[Ads-l] "Strew" as [stroU]

Wilson Gray hwgray at GMAIL.COM
Fri Jul 17 04:24:29 UTC 2015


On Thu, Jul 16, 2015 at 11:13 PM, Paul A Johnston, Jr. <
paul.johnston at wmich.edu> wrote:

> Just looked strew up in the OED, and you're right; strow/strew are
> doublets.  I'm not sure what British dialects use it as a verb (SW? W
> Midlands?), but I've heard strow n. meaning "a mess" in Northumberland.
> It's somewhat parallel to other Eu/ou doublets like ewe/yow(e), shrew/shrow
> (cf. the two pronunciations of Shrewsbury) and shew/show, going back to
> alternations between OE diphthongs stressed on the first element and
> stress-shifted ones, helped along by the preceding consonants.  Show, of
> course, usually has [-ou] here (pace Ed Sullivan), and I've only heard
> "yow" in the phrase "yow-tits" = "blackcaps" from my WV-born
> mother-in-law.  It has /o/, as in the southwest of England, not Scottish
> /^u/, which would presumably come out as /au/ or the like.

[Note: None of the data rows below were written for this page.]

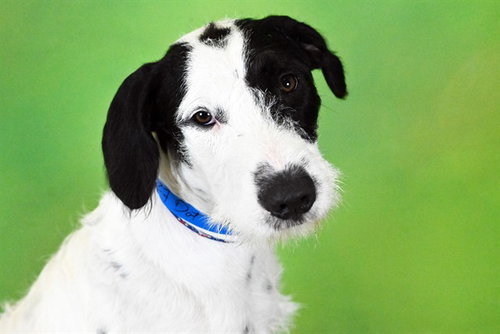 DOT, a dog for adoption from Humane Society of Broward County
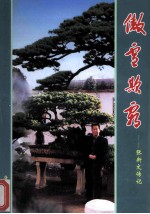 傲雪欺霜-张新文传记 封面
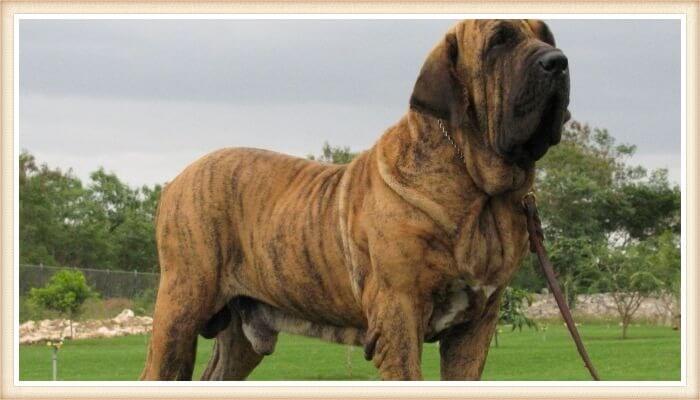 gran fila brasileño paseando con correa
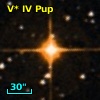 V* IV Pup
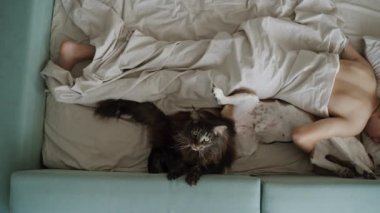 Safkan Maine rakunu kedi, kameraya bakıyor, arka plandaki genç köpeğiyle yatıyor, çok komik görünüyor. İnsanın en iyi dostu. Güzel safkan av köpeği sahibiyle yatıyor..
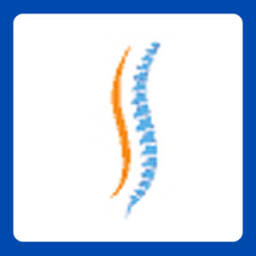 Physio Soton logo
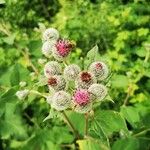 Arctium tomentosumBlodyn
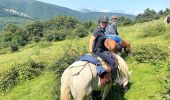 Excursión Paseo ecuestre Villanueva de Aezkoa - Hichiberri - Burguete/Auritze - Photo 16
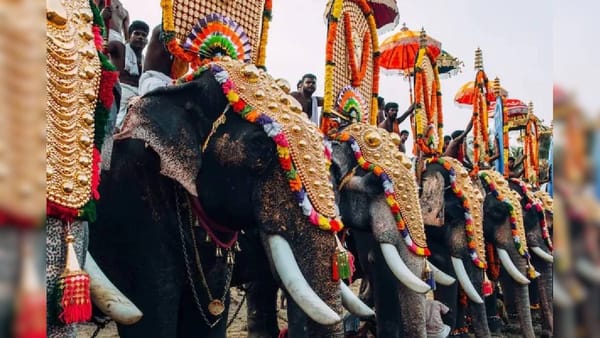 ആനകളെ നിരന്തരം യാത്ര ചെയ്യിപ്പിക്കുന്നു, ദേവസ്വത്തിന് ഈ വരുമാനം കിട്ടിയിട്ട് വേണോ? വിമർശനവുമായി ഹൈക്കോടതി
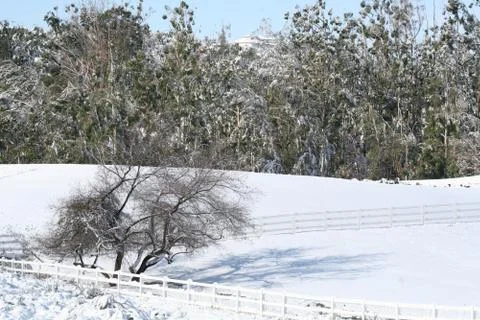 Field covered in snow Stock Photos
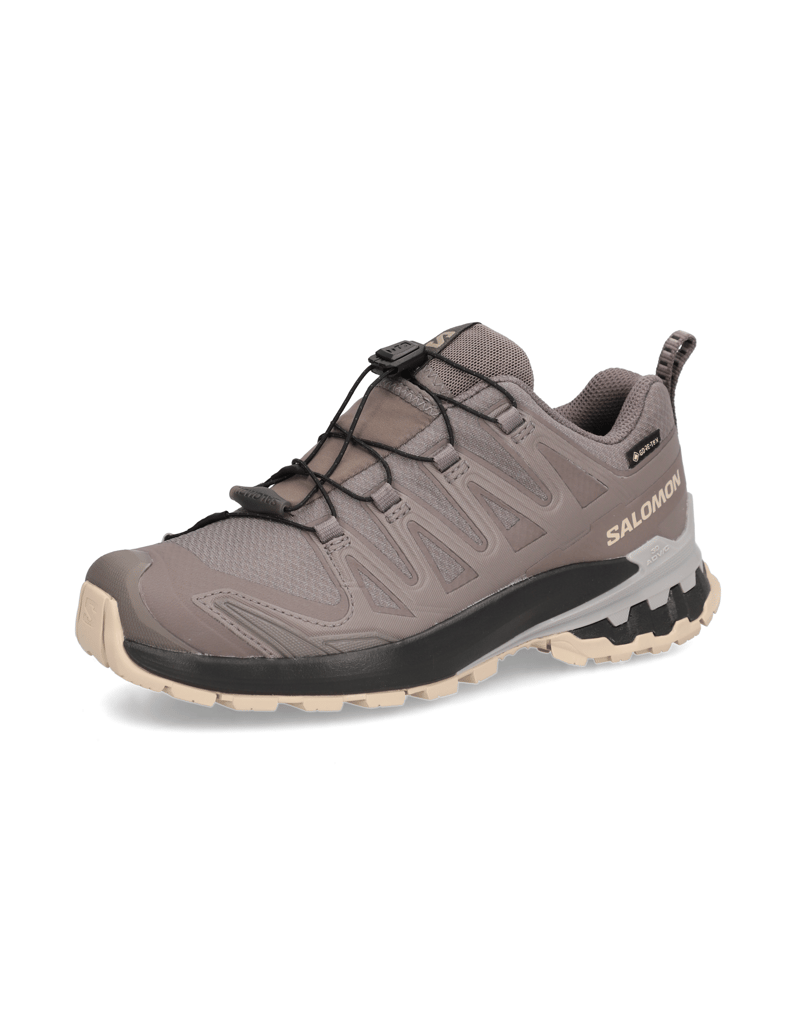Salomon-XA-PRO-3D-V9-GTX-W-grau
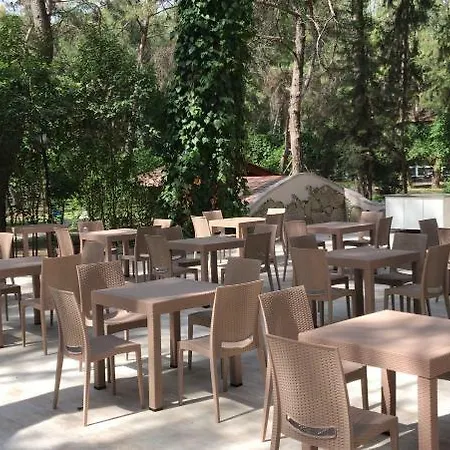 Club Festival Hotel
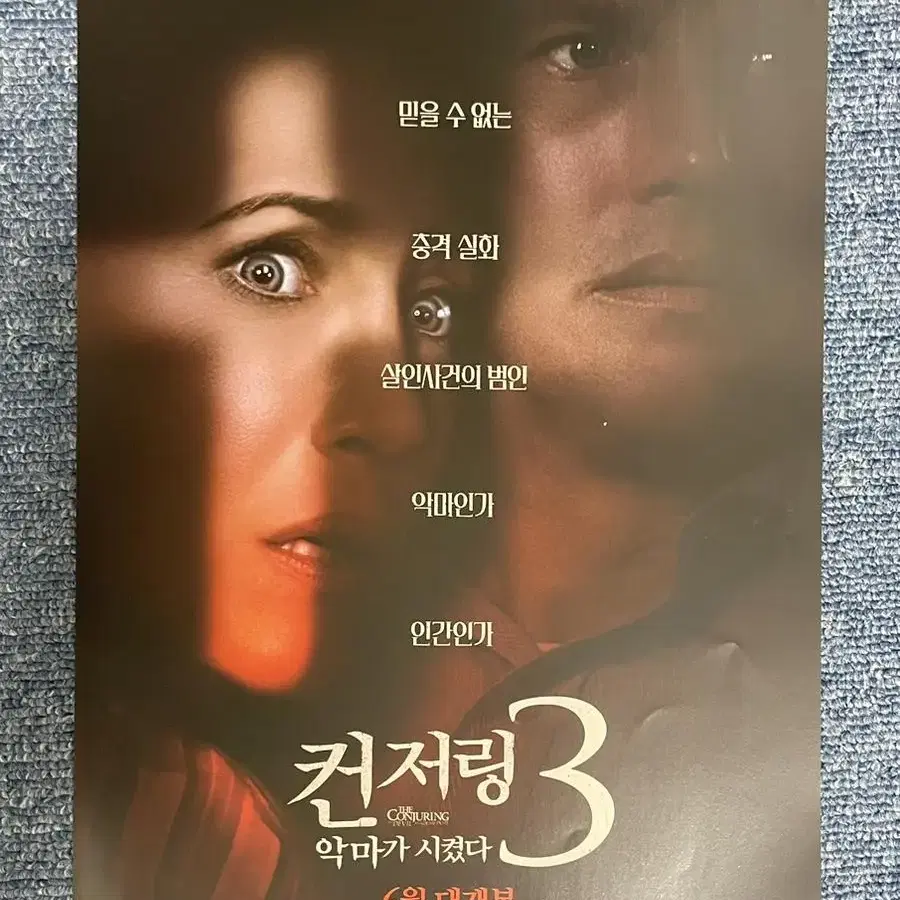 영화 컨저링 3 팜플렛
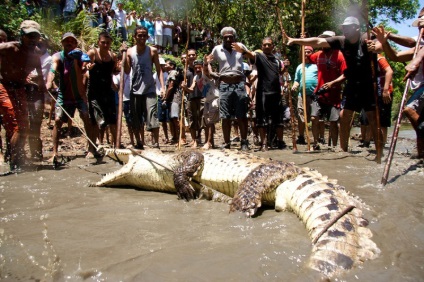 Cum de a vâna crocodili în Costa Rica - o bibliotecă a unui turist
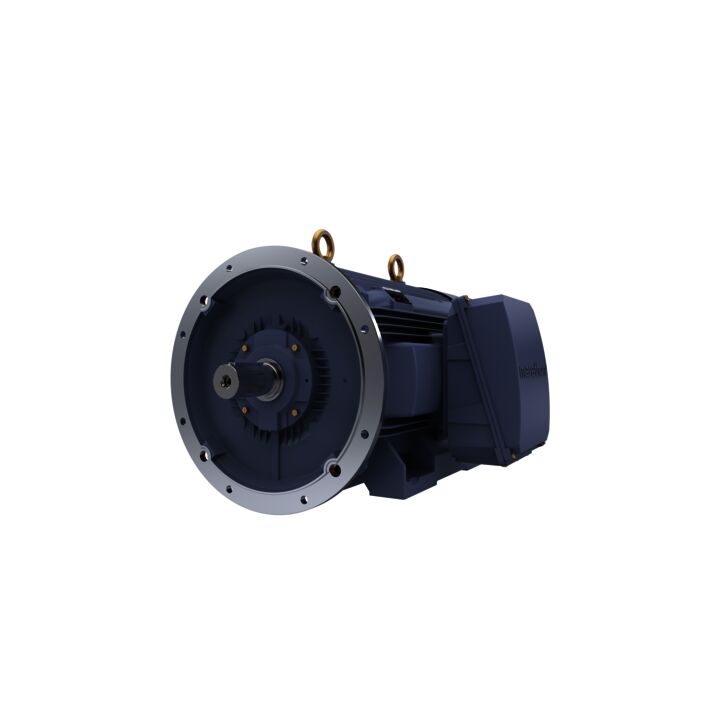 Cast Iron Motor, 425 HP, 3 Ph, 50 Hz, 400 V, 1500 RPM, 355L Frame, TEFC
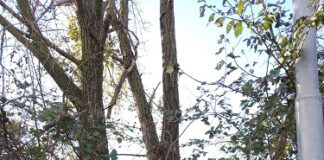 Raffiche di vento: tutti gli interventi di Geat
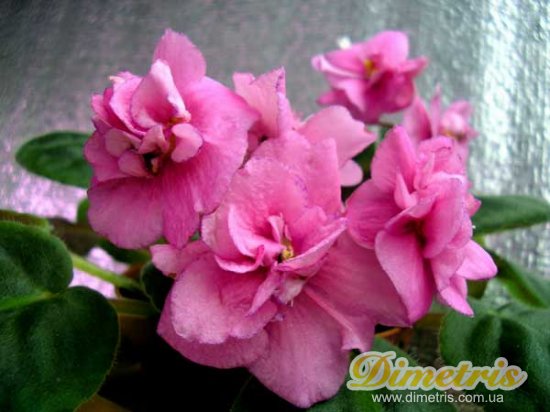 :   Raspberry Rose (Eyerdom)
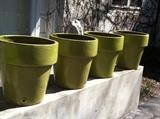 Large green ceramic planters from Chalet Nursery
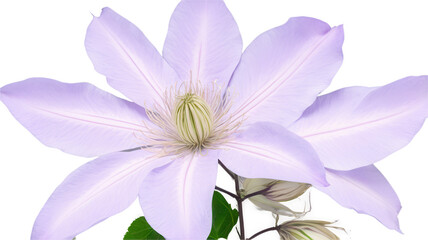 Obraz premium Clematis flowers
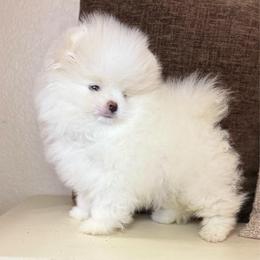 Casper - White male Pomeranian puppy in Phoenix, Arizona from Luxpomz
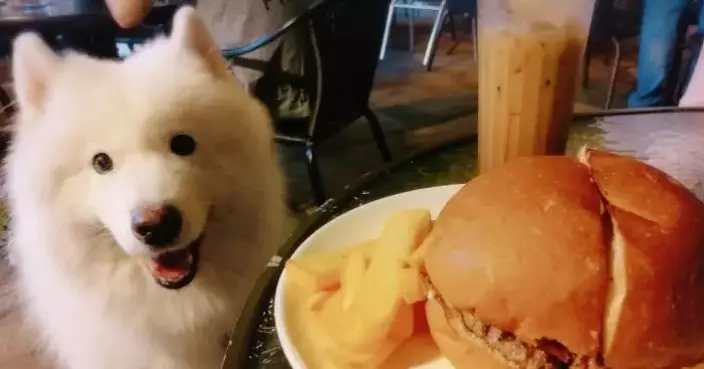 The Catering Business Welcomes Dogs into Approved Eateries, Looking Forward to New Business Opportunities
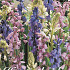 Hyacinthoides Hispanica Mixed x10 8/9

"Strow" lost out to "strew"; "shew" lost out to "show"; and "sew" and "sow"
have the same pronunciation, but different meanings. Not to mention "know,
knew." <sigh!> Language change.

Youneverknow


-- 
-Wilson
-----
All say, "How hard it is that we have to die!"---a strange complaint to
come from the mouths of people who have had to live.